Bear in mind his paper is called "Girl Power? [etc.]" - and the power he thinks girls (as young as seven) have over boys is to maliciously cause educators to use teaching methods that suit their needs, and intimidating their poor beleaguered male peers to the point where their feeble skills can find no expression. Performance anxiety, indeed.

Apparently there is no age at which women are free from the obligation to bolster, nurture and support male privilege and success[1]. With all of the advantages heaped on them from birth, if boys are seen to in any way give ground in the entitlement stakes, that is women's fault. Even seven year old women.

Don't believe me that this dude is looking at how girls harm boys, and not doing some sort of even handed analysis of gender relations in the classroom? Here's a quote from the paper's abstract:

"This paper builds on the work of Hoxby (2000) and uses exogenous changes in the proportion of girls within UK school cohorts to estimate the effect of a more female peer group." (emphasis mine)

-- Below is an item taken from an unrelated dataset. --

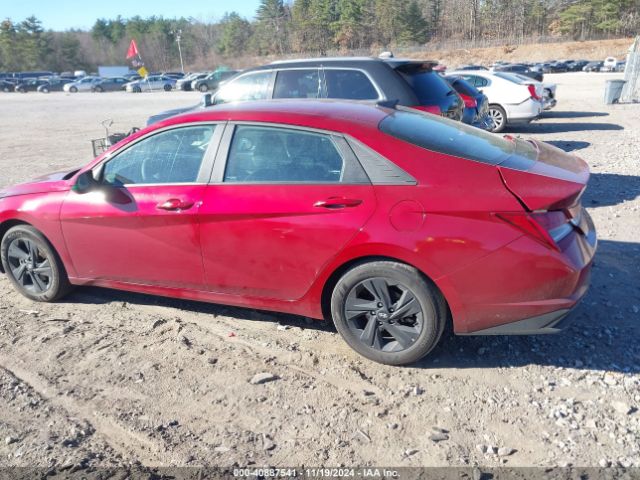 KMHLM4AJ2PU087026 Hyundai Elantra Hybrid Blue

We rag on rags a lot, don't we, saying how they're all about the sensationalism and aren't reporting science very well, all the while piously telling ourselves that the actual scientists - by virtue of engaging in Science - are blamelessly even handed beings of pure reason who would never dream of performing biased research and who cannot be blamed for occasionally coming up with unpleasant or inconvenient results.

What if the unpleasant and inconvenient results are the ones they'd set out to find, though? What if universities as prestigious as Bristol are giving teaching jobs to dudes who think it's really important to write their PhDs about how harmful a "feminised" environment is for the poor little baby menz? Is that the kind of "evidence" we want to draw on for our evidence based policies?

This isn't just bad science reporting (although it's a stellar example of how so called "discoveries" confirming misogynist tropes are highly prized by reporters and readers alike); it's bad science, pure and simple. And there's plenty more of it around, confirming any number of woman-hating tropes for the delectation of the patriarchal masses. The male ego, and its concomitant addiction to the myth of female malice and inferiority, must be nurtured.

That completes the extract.